◆ **Aim of the task**: Copy each record below faithfully, leaving out images.

━━━━━━━━━━

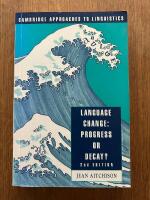 Language change: progress or decay?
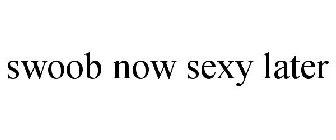 SWOOB NOW SEXY LATER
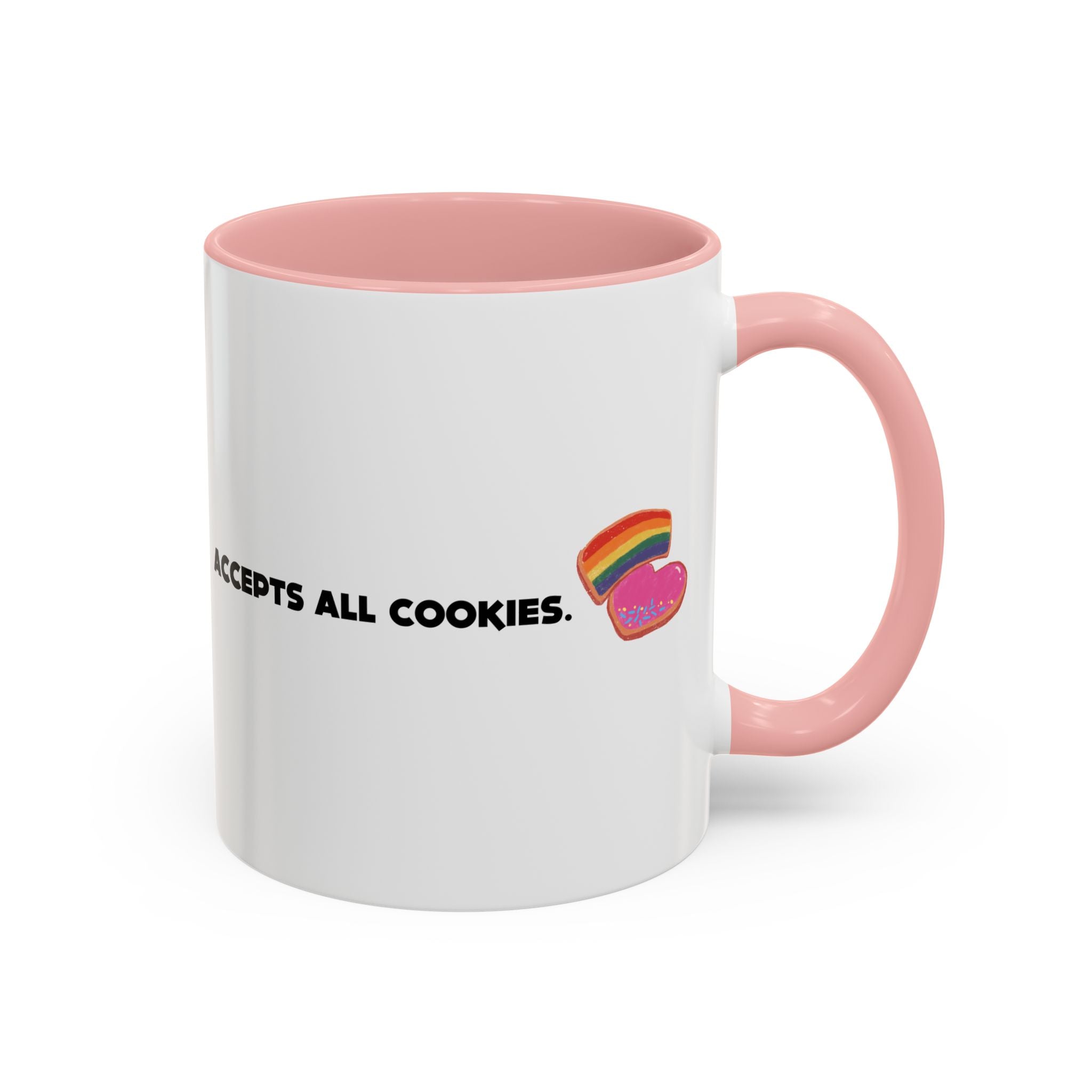 Accepts All Cookies | Coffee Mug (11/15oz)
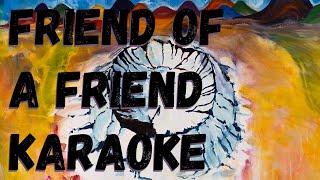 Friend Of A Friend - The Smile Karaoke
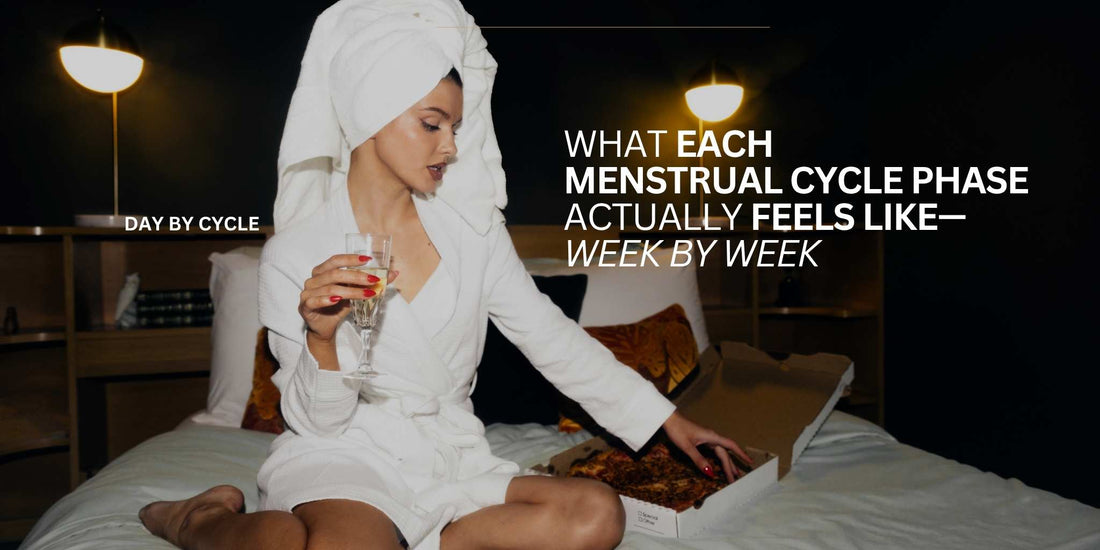 What Each Menstrual Cycle Phase Actually Feels Like—Week by Week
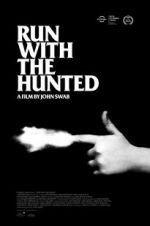 Watch Run with the Hunted Vodly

━━━━━━━━━━

◆ **Your solution**:
 Language change: progress or decay?
 SWOOB NOW SEXY LATER
 Accepts All Cookies | Coffee Mug (11/15oz)
 Friend Of A Friend - The Smile Karaoke
 What Each Menstrual Cycle Phase Actually Feels Like—Week by Week
 Watch Run with the Hunted Vodly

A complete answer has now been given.